A: If it were rational it would be $m/n$, where $m$ and $n$ are integers.  Then we would have
$$
\left(\frac m n \right)^3 + \frac m n + 1 =0.
$$
From that we get
$$
m^3 + mn^2 + n^3 = 0.
$$
If the fraction $m/n$ is in lowest terms, then $m$ and $n$ have no prime factors in common.  But
$$
n^3 = -m(m^2+n^2) = (-m\cdot\text{something})
$$
so $n^3$ is divisible by the prime factors of $m$.  That can happen only if $m$ has no prime factors, i.e. $m=\pm1$.  In the same way, we have
$$
m^3 = - n^2(m+n) = (-n^2\cdot\text{something}),
$$
and so $n=\pm1$.  But $1$ and $-1$ are not roots of the equation.
A: First Question
For another approach without using the Rational Root Theorem is to solve the cubic.
The roots of a cubic equation of the form $x^3+px+q=0$ are given by,
$\sqrt[3]{-\dfrac{q}{2}+\sqrt{\dfrac{q^2}{4}+\dfrac{p^3}{27}}}+\sqrt[3]{-\dfrac{q}{2}-\sqrt{\dfrac{q^2}{4}+\dfrac{p^3}{27}}}\tag{1}$$ \omega\left(\sqrt[3]{-\dfrac{q}{2}+\sqrt{\dfrac{q^2}{4}+\dfrac{p^3}{27}}}\right)+\omega^2\left(\sqrt[3]{-\dfrac{q}{2}-\sqrt{\dfrac{q^2}{4}+\dfrac{p^3}{27}}}\right)\tag{2}$$\omega^2\left(\sqrt[3]{-\dfrac{q}{2}+\sqrt{\dfrac{q^2}{4}+\dfrac{p^3}{27}}}\right)+\omega\left(\sqrt[3]{-\dfrac{q}{2}-\sqrt{\dfrac{q^2}{4}+\dfrac{p^3}{27}}}\right)\tag{3}$
What's left is solving the cubic $x^3+x+1=0$ using the above formulas and finding which among them is real and whether it is rational or irrational. I leave that to you.
Second Question
What you have described as your proof is really not a proof. It can be said to be a sketch of the proof. For example, you said that,

...Using that theorem the possible rationals roots are $1$ and $-1$, but none of them work.

It isn't illogical to ask,

How exactly does the theorem lets you conclude that the only possible rational roots are $1$ and $-1$?

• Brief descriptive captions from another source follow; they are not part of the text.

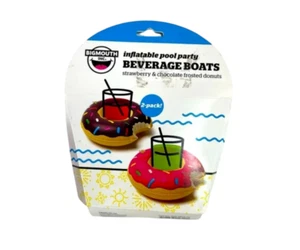 Big Mouth Inc 2-Pack Inflatable Pool Party Beverage Donut Boats Brown / Pink - Picture 1 of 7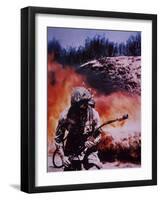 WW2 Us Marine Flame-Thrower Operator Wears Camouflage Combat Suit-null-Framed Photographic Print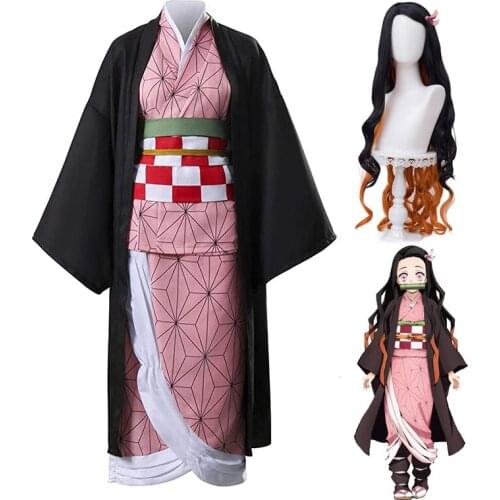 Anime Demon Slayer Kimetsu No Yaiba Cosplay Costumes Kimono Kamado 2021 Adult Child Halloween Costume Wig Suit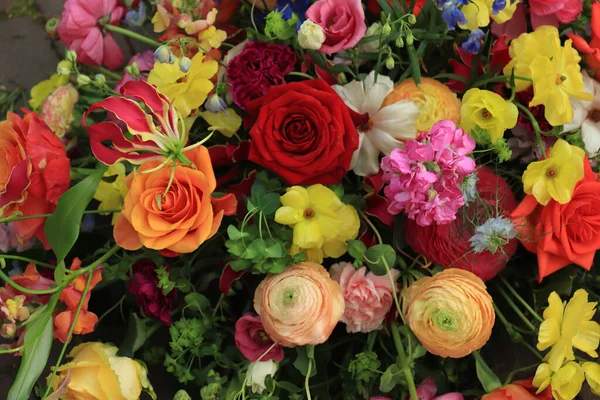 Gemengde Lente Boeket Verschillende Felle Kleuren — Stockfoto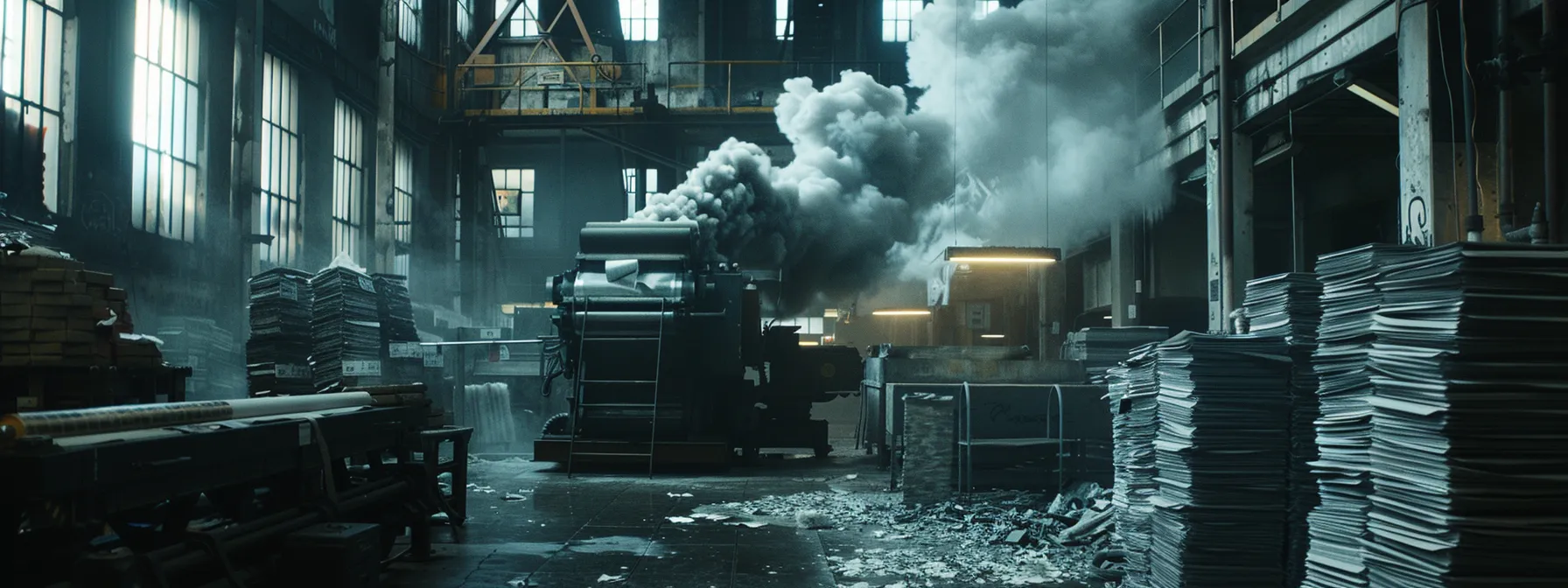 Enhancing Eco-Friendly Printing Through Managed Print Services 9 a large, industrial printing press emitting plumes of dark smoke, surrounded by stacks of paper waste and discarded ink cartridges in a dimly lit factory setting.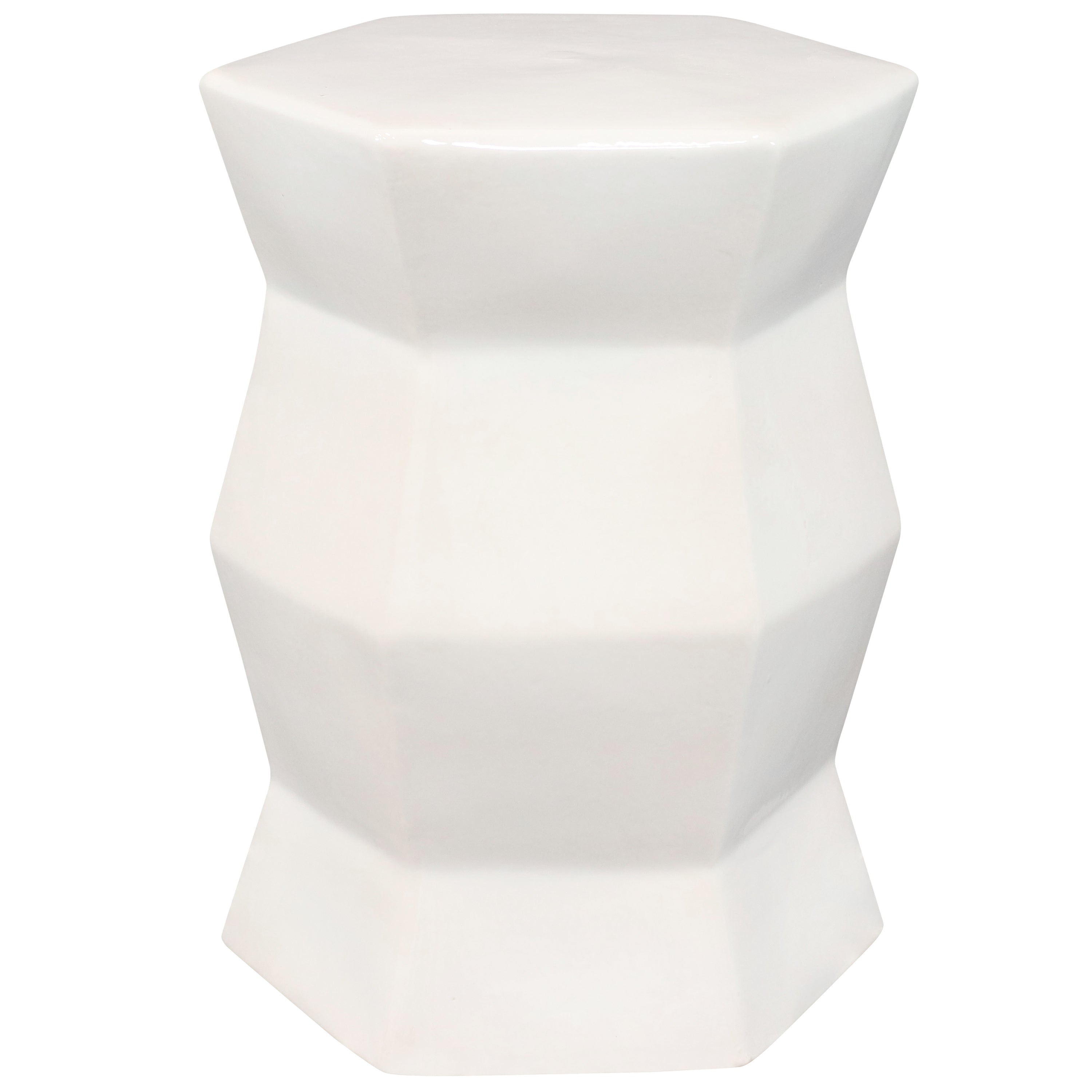 Modern Geometric Ceramic Garden Stool & Side Table - 17.25 Inch Outdoor Patio, Porch, or Balcony Decor - Handcrafted Home & Garden Accent Piece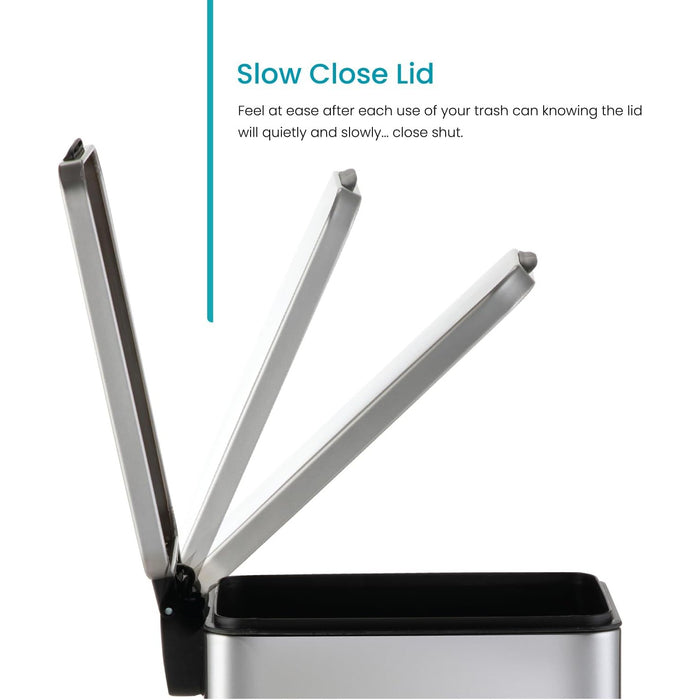 2.6 Gallon Slim Trash Can - 10 Liter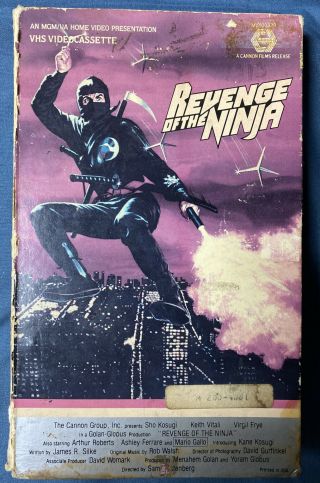 Rare Oop 1st Edition Revenge Of The Ninja Big Box Vhs Video Cannon Martial Arts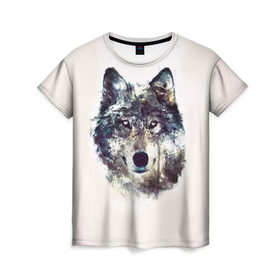Женская футболка 3D с принтом Волк в Екатеринбурге, 100% полиэфир ( синтетическое хлопкоподобное полотно) | прямой крой, круглый вырез горловины, длина до линии бедер | животное | зверь | космос | природа волк | русь | славяне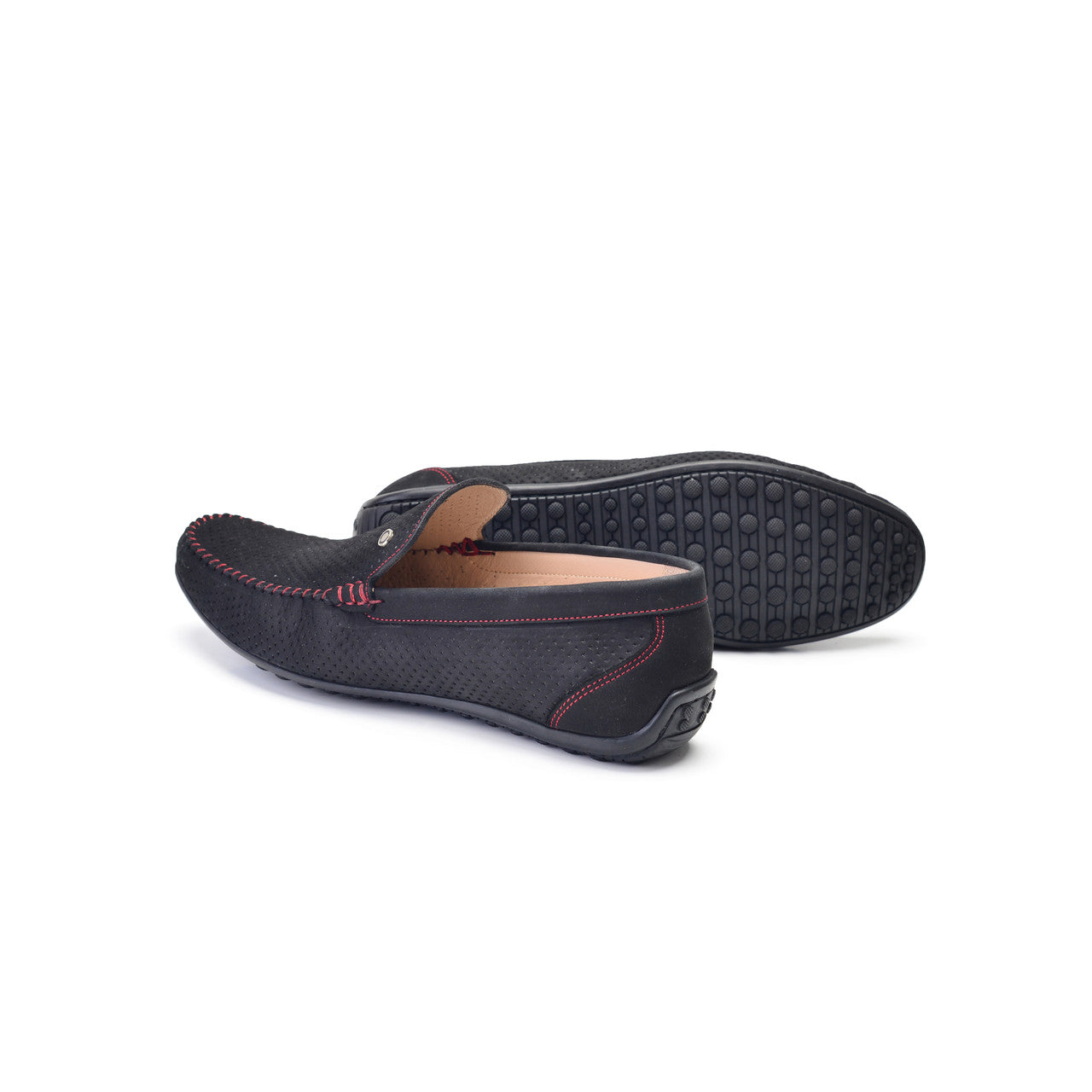P00023-2301-perforated Driving shoe Black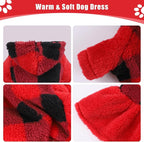 Dog Sweater Fleece Dog Hoodie Winter Puppy Clothes for Small Dogs Boy Girl Pet Cold Weather Doggie Coats Fall Doggy Sweatshirt for Chihuahua Yorkie Cat Sweater Costume, Red Plaid, M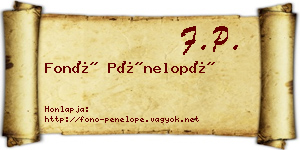 Fonó Pénelopé névjegykártya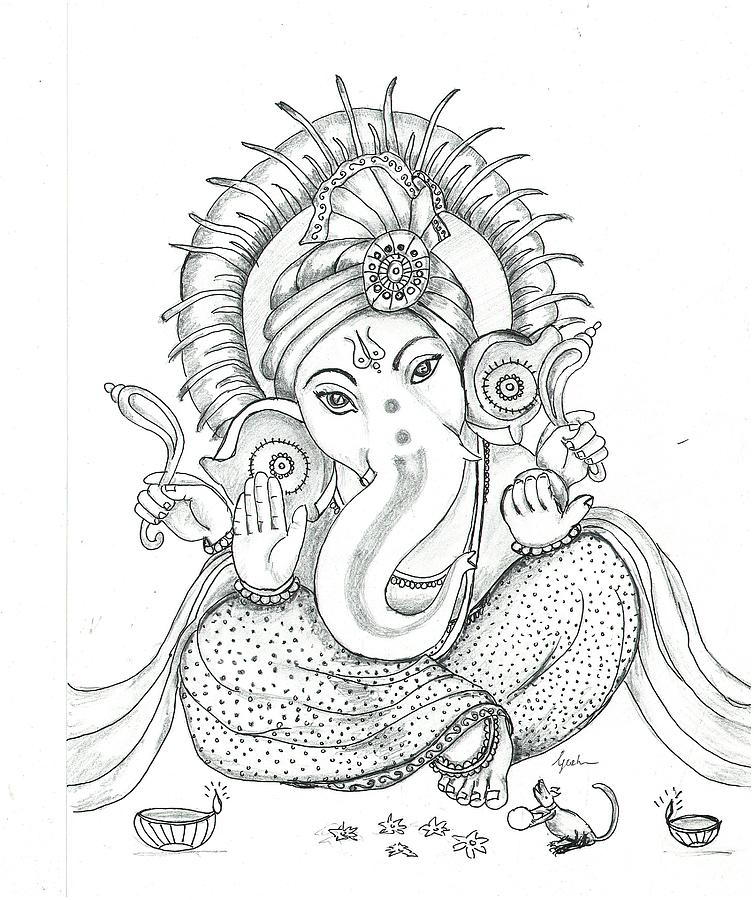 Ganesha Blessings Drawing by Sattvic Method Company - Fine Art America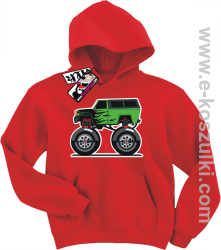 Monster green car bluza dziecięca - czerwony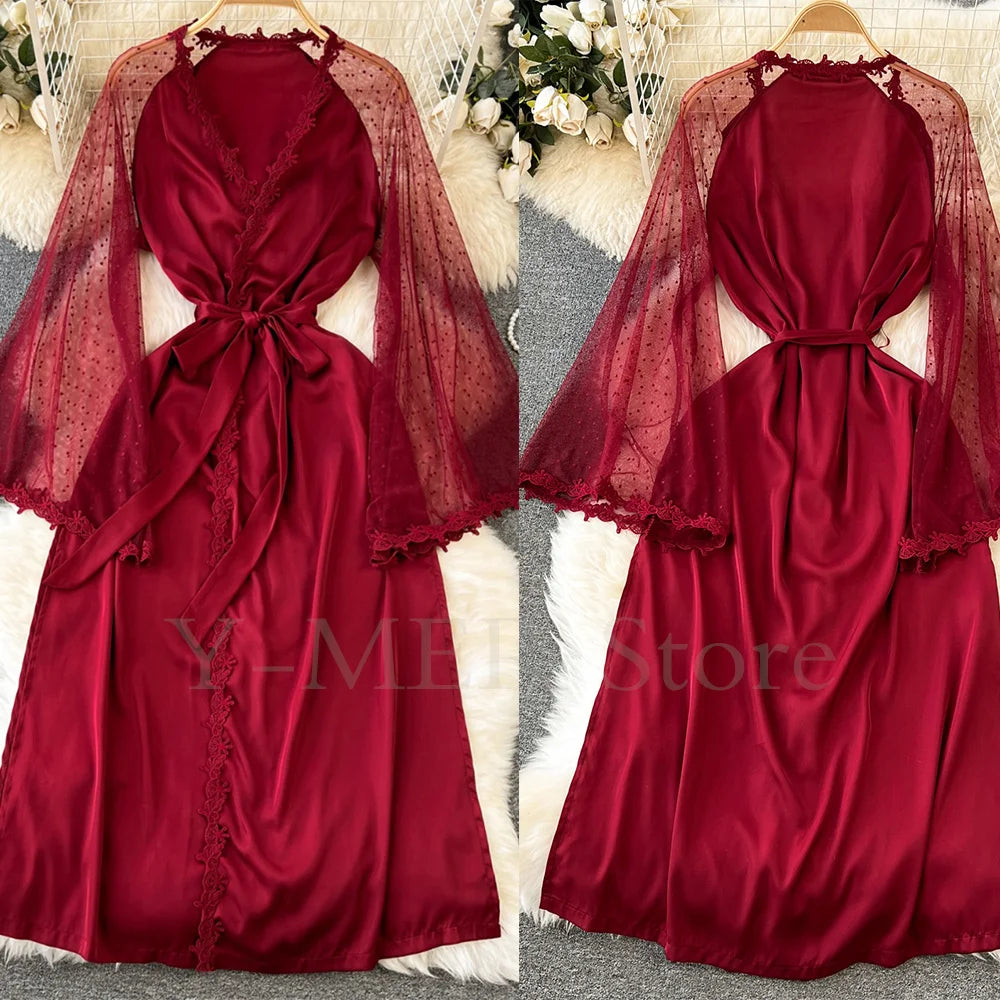 Midnight Empress-Satin Robe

To answer this you have to prove your conclusion. To be precise, what your argument lacks is elaboration. Otherwise, your argument is fine.
In short, when you are writing proofs, imagine that you are writing it for someone who wants to have a clear picture of your argument from your proof. Your job will be to make it as clear and as rigorous as possible.
For example, you may have written the proof as follows,

A real root always  exists since the degree of the equation is odd.
The only way that I have found how to prove it is using the Rational Root theorem. Which tells us that...(insert a brief statement of the Rational Root Theorem here).
Using this theorem the possible rationals roots are $1$ and $-1$, but none of them work. Since $f(x)=x^3+x+1\implies f(1)=3\ne 0$ and $f(-1)=1\ne 0$.
Hence the real root has to be irrational.